There is nothing new here from critics. Again, they tell us it’s all Bush’s fault — and by extension America’s as well — that the ranks of the jihadist radicals have grown since Sept. 11, that the insurgency in Iraq continues to blow-up civilians daily, that terrorists attacks are still killing innocent men, women and children elsewhere around the world and that rabid crowds regularly pour into the streets of despotized places like Tehran, Damascus and Gaza demanding death to the U.S. whenever somebody like the pope dares to suggest forced conversion or decapitation wins few converts to a religion of peace. Put simply, all would be peace, love and flowers here at home except for “Bush’s War.”

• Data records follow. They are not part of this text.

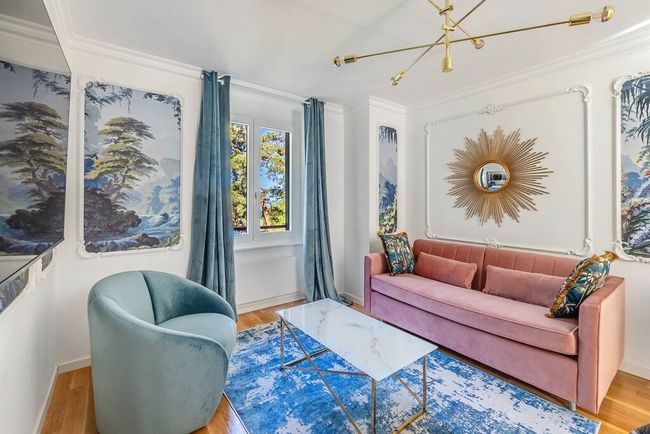 Soft Glam 1-bedroom appt - Lake & Mountain View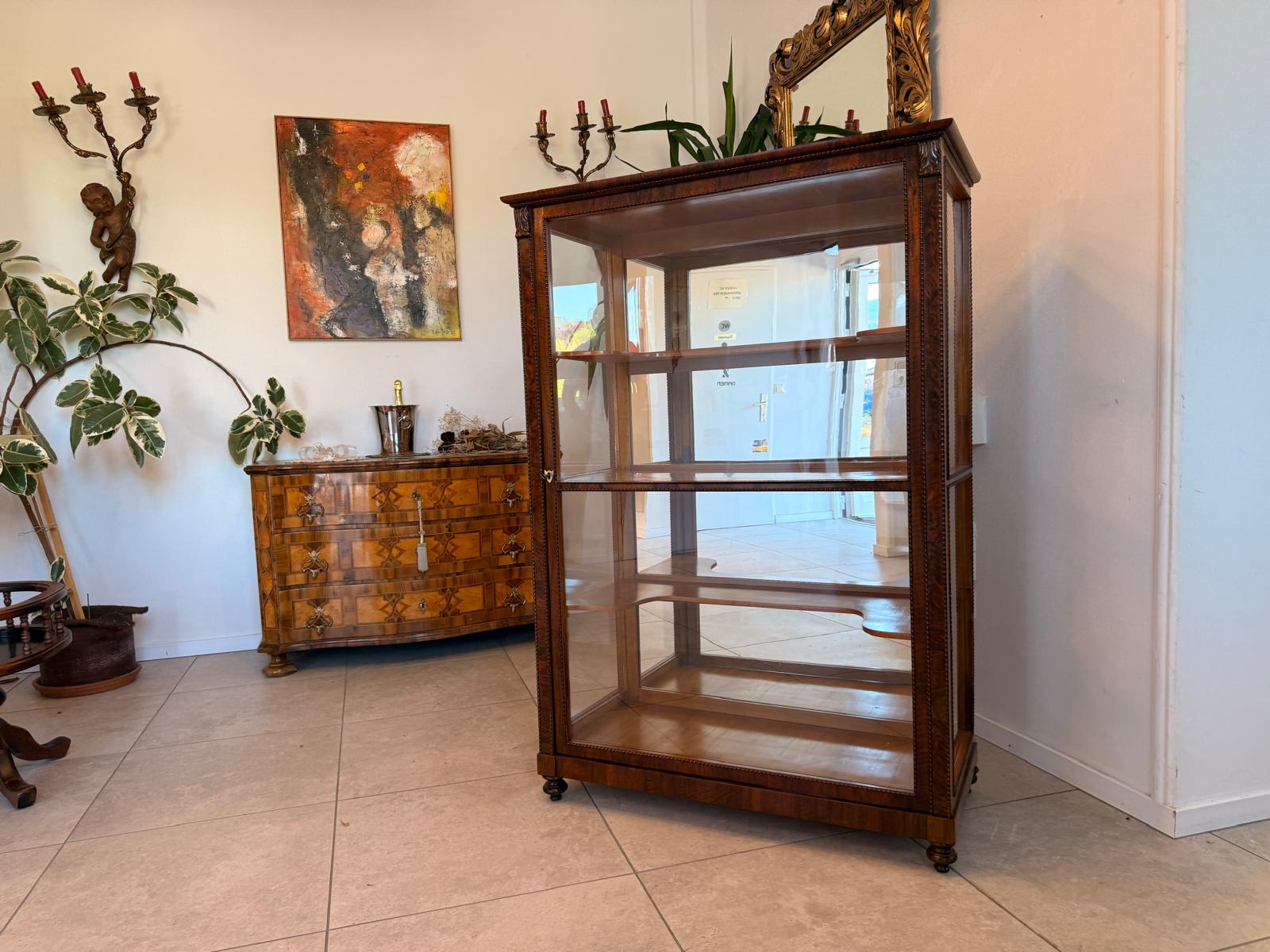 Restaurierte Biedermeier Vitrinenschrank Glasschrank Nussholz Antiquität D2769
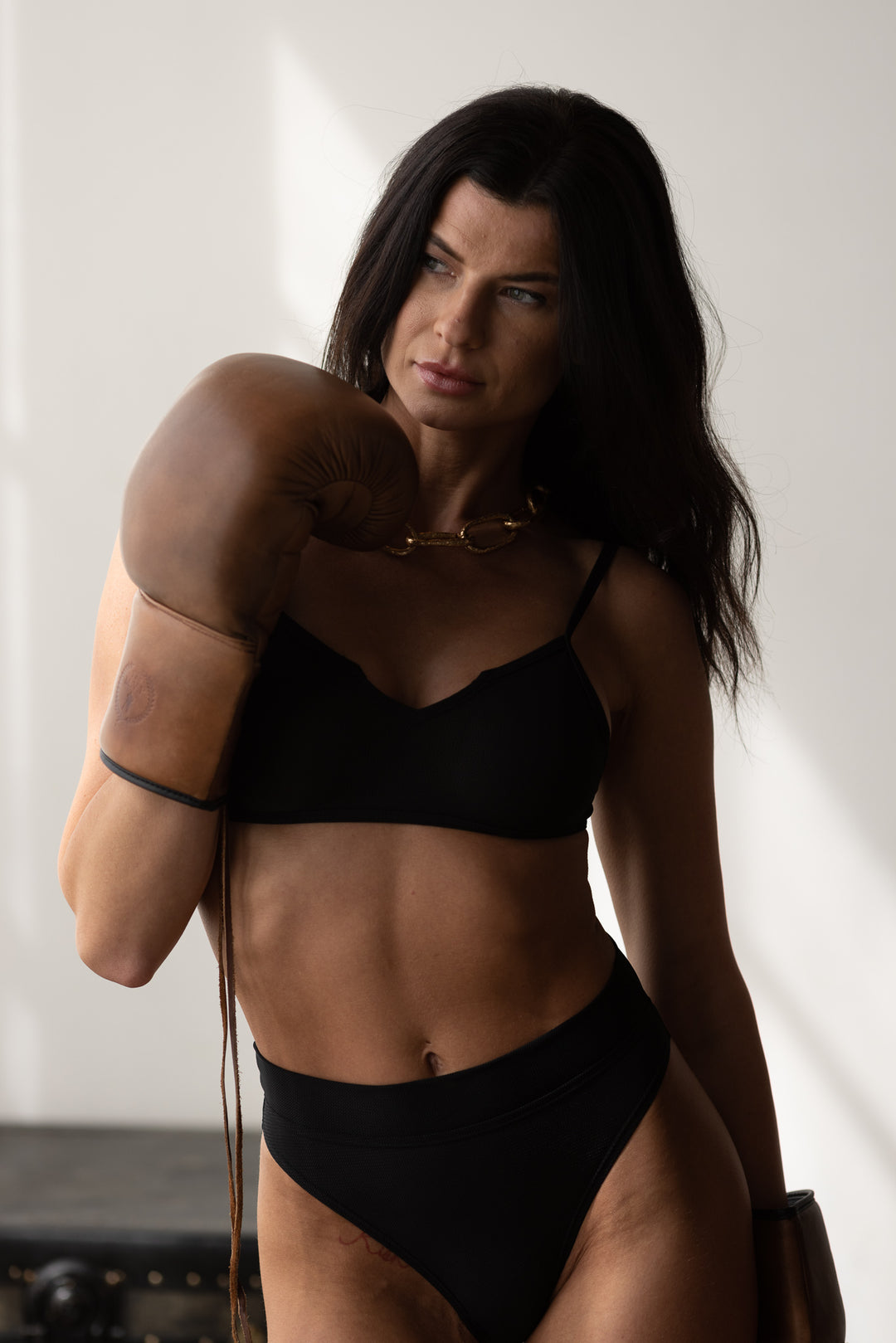 V- Top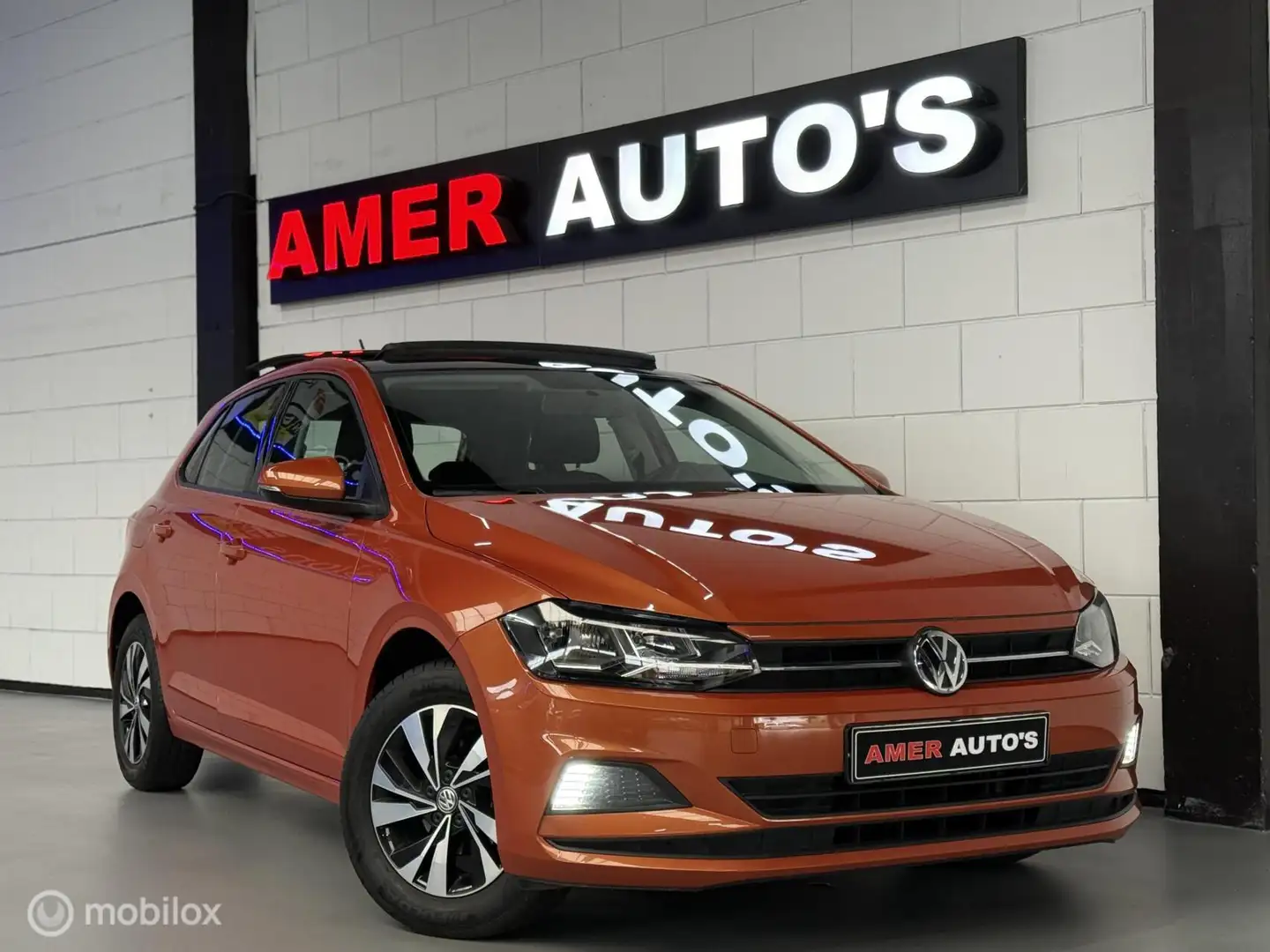 Volkswagen Polo 1.0 Comfortline Orange - 1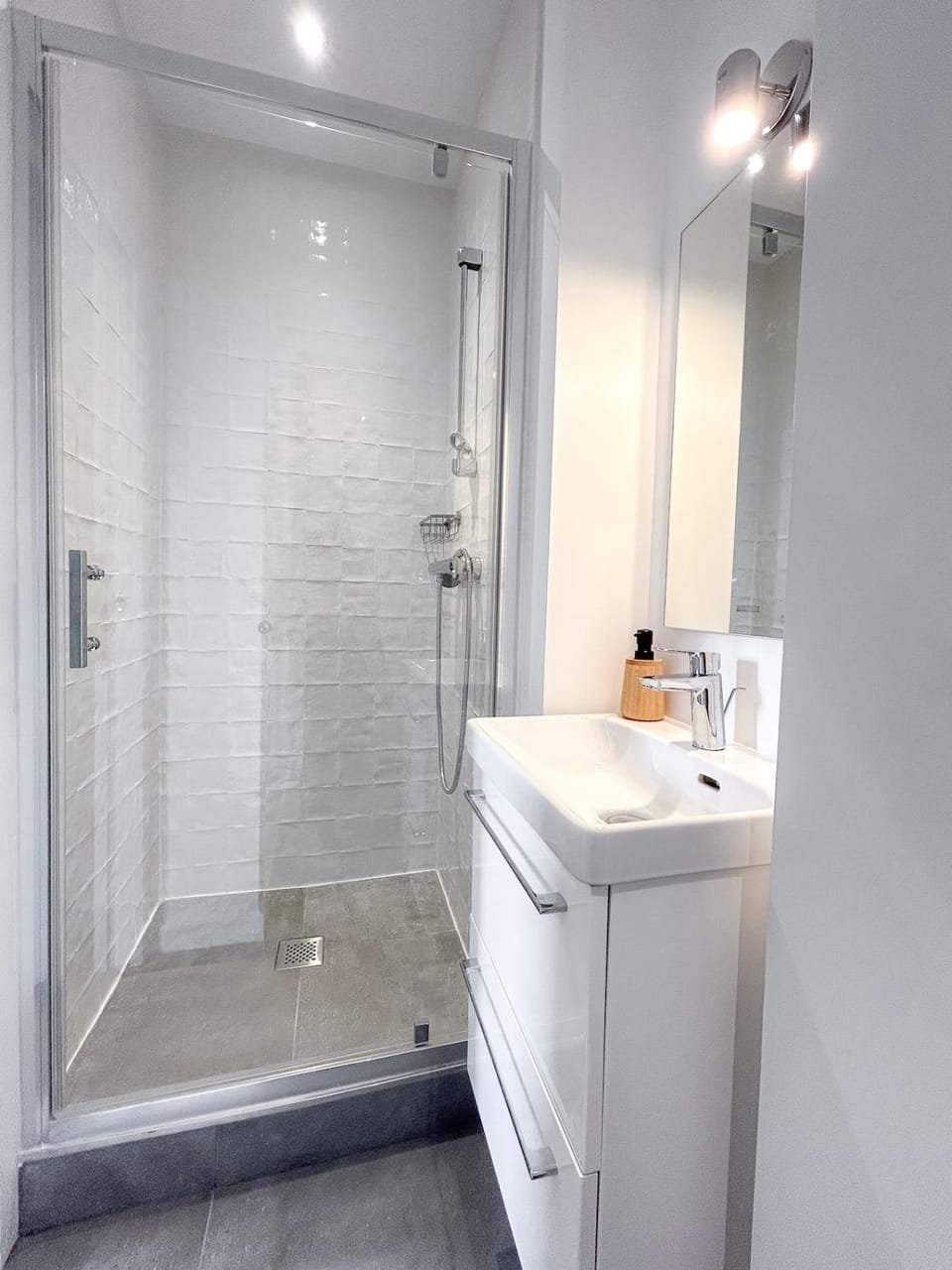 Shower, Bathroom, towels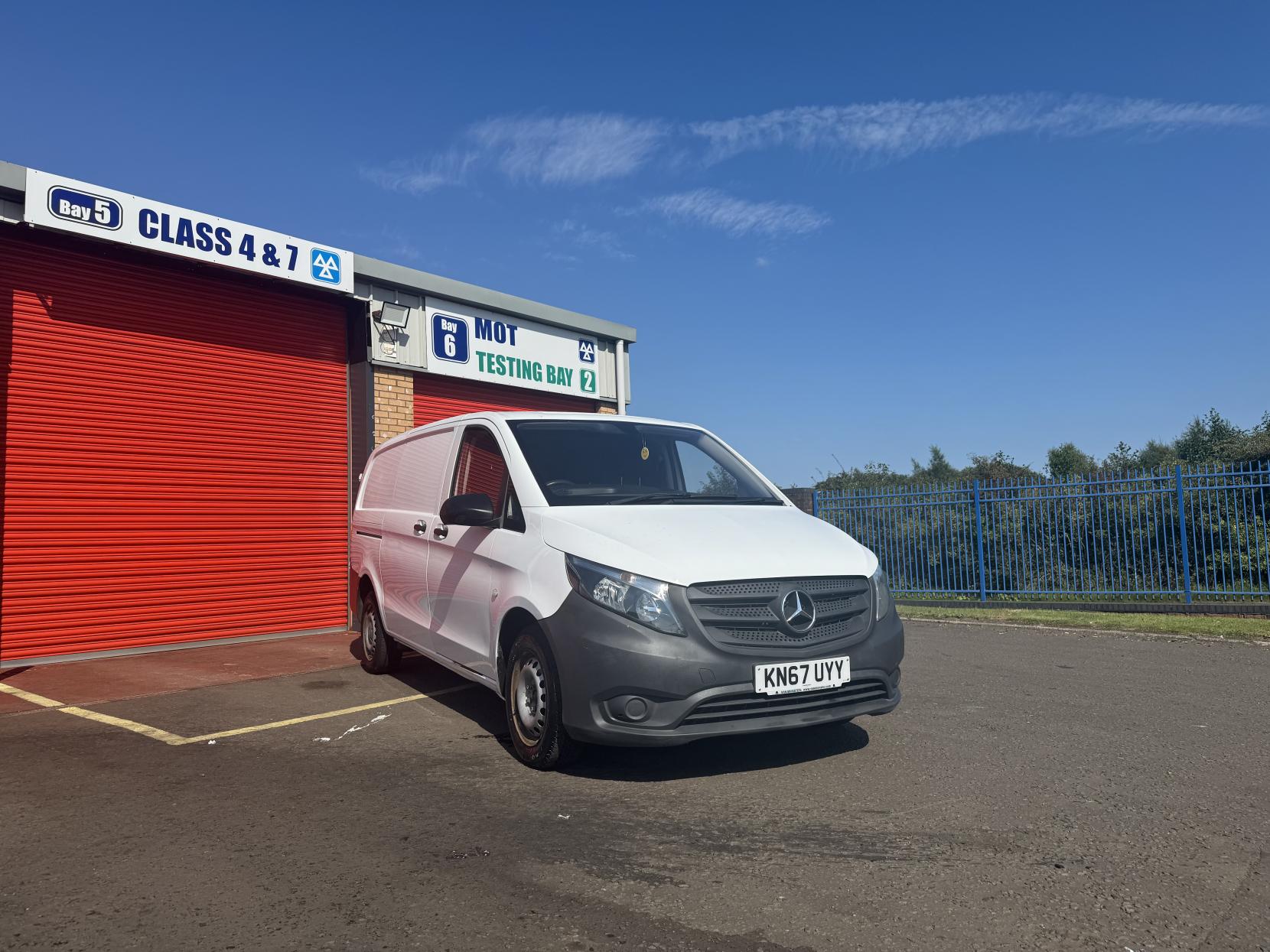 Mercedes-Benz Vito 1.6 111 CDI Panel Van 6dr Diesel Manual FWD L2 Euro 6 (114 ps)
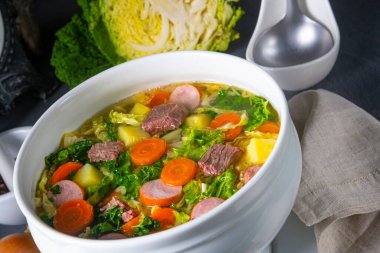 Beyaz vazoda lezzetli lahana çorbası.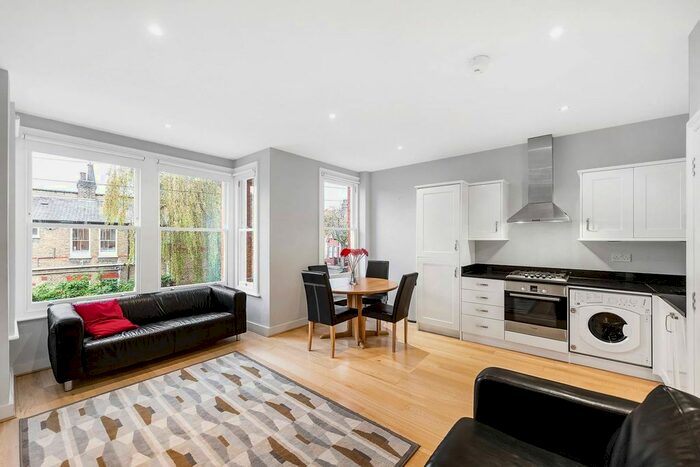 2 Bedroom Flat To Rent In Hambalt Road, Abbeville Village, London, SW4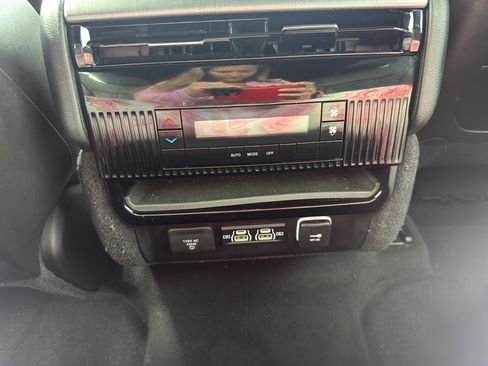 Certified 2025 Jeep Wagoneer 4WD image 13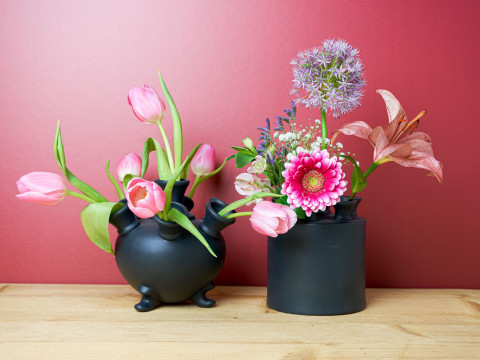 Mat zwarte tulpenvazen met bloemen Heinen Delfts Blauw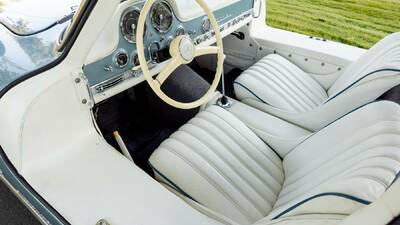Black / White LeatherInterior image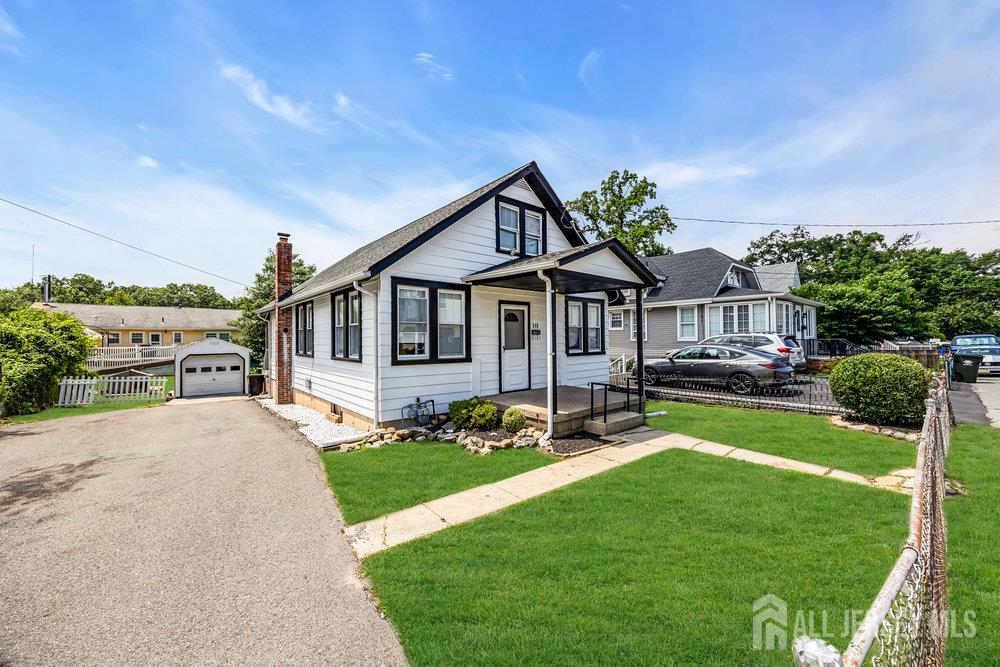 348 Woodbine Way Image 2
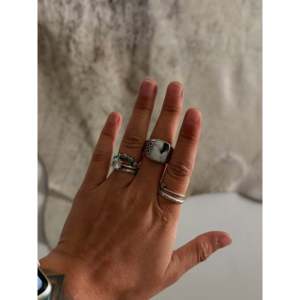 Navajo-<b>Crafted</b> Cultural Collectible White Buffalo & Sterling Silver Cast Ring Size 8.75 - Product Image 2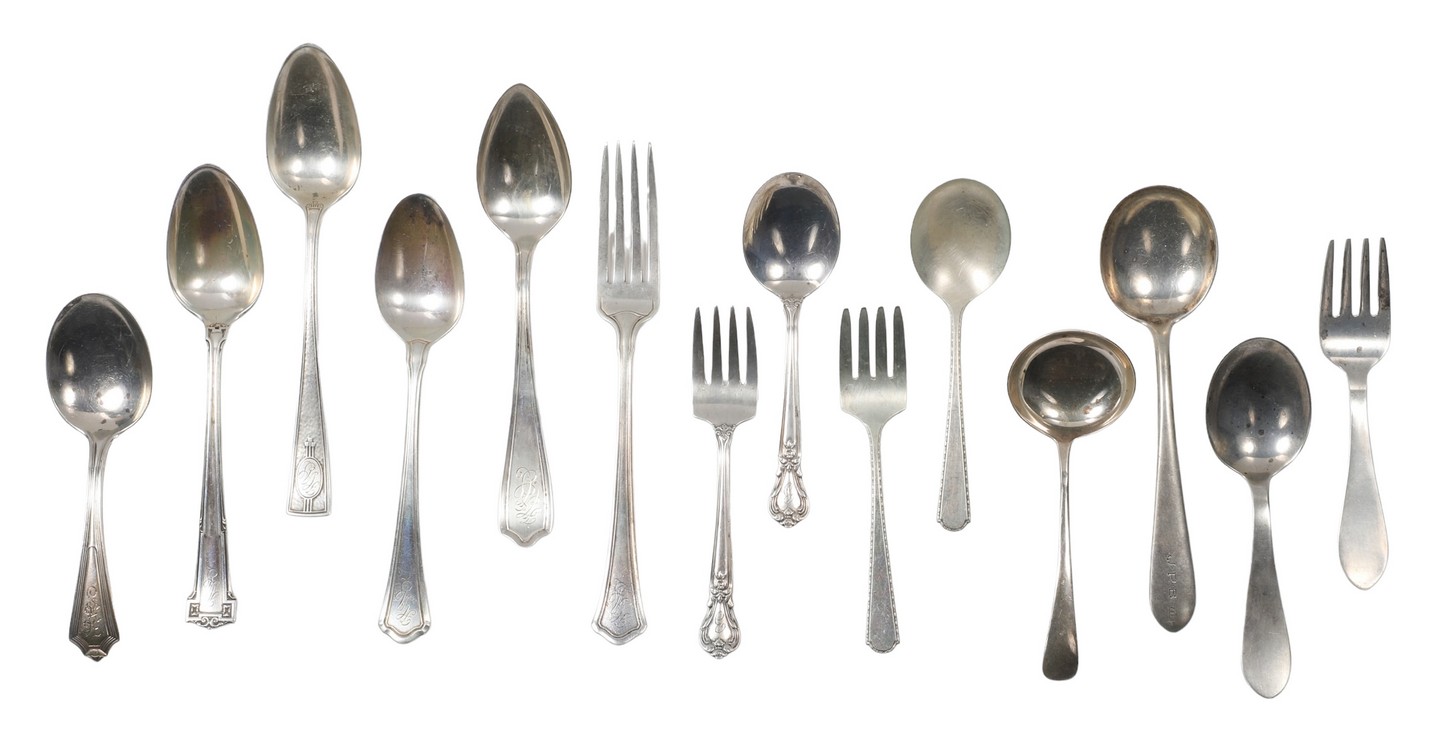 Assorted sterling flatware to include 2e05b9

If the U.S. fighting back after Sept. 11 causes terrorists to attack America and the West, then logically, Bush’s critics must believe the U.S. is wrong to do anything in the war on terror except perhaps to apologize. By this logic, the U.S. was wrong to avenge Pearl Harbor by destroying Japan’s military forces wherever they were found throughout the Pacific. Similarly, we should not have sacrificed thousands of American lives to liberate Europe from the Nazis after Hitler declared war on us.

In fact, if the U.S. response had been limited to destroying the Taliban, the jihadist propaganda today would simply substitute “Afghanistan” for “Iraq” in the same attacks on America. When Osama bin Laden and his jihadist minions declared war on the U.S. in 1998, they meant to kill us and they will not rest until they achieve that aim or die trying. That is their choice. Our choice is whether to submit to the extremists or defeat them and live.